It comes back to Fluff and Crunch. Some people play D&D for the former and feel it has been violated by a focus on the latter. Some don't feel it's really been violated. Some people play D&D for the latter and are pretty happy. 



> We'll see in a few years if things like second wind, or daily abilities, cause anywhere near the gaming anguish that paladins have.




For some, they already have, because while paladins could have been overlooked by a group that had a problem with them, everyone has second winds and daily abilities, and those can't be overlooked. 

...and yeah, my first run was better...


----------



## Hussar (Sep 11, 2008)

KM said:
			
		

> The metric of success of a mechanic is how well it help you play the game.




Agreed.  100%



> The metric of success of a game (of D&D, anyway) is how well it helps you evoke the flavor of a good fantasy story.

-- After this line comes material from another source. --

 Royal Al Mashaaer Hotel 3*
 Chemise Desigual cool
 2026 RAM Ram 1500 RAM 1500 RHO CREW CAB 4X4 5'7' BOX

Completely and utterly disagree.  The measure of the success of a game is how much people at the table enjoy it.  No other metric is more important than that.  I don't care how well it evokes a fantasy story, if the game is not enjoyed by everyone at the table, it is a failure.

Again, this is not a fluff vs crunch debate.  You are right, you can have perfectly acceptable, even good mechanics that started as flavour.  But, typically, if you start from a flavour standpoint, then bolt on mechanics, you are ingnoring how it plays out at the table.

It's not a case of good mechanics vs bad mechanics - it's a case of mechanics inspired by an attempt to emulate some flavour concept, causing the game to be less enjoyable during play.

I am most certainly not saying that all elements in earlier editions were flavour based.  I'm saying a lot of them were, but, certainly not all.  

You bring up the Random Strumpet Table.  There's a good idea.  Mechanically fine - it causes no major malfunctions in the game, flavour wise perfectly acceptable for the idea of D&D, and causes no major problems at the table.  I got no beef with that.  I think it was a flavour first mechanic - but, that's a quibble, and it doesn't really matter.  It causes no malfunctions at the table.  It passes.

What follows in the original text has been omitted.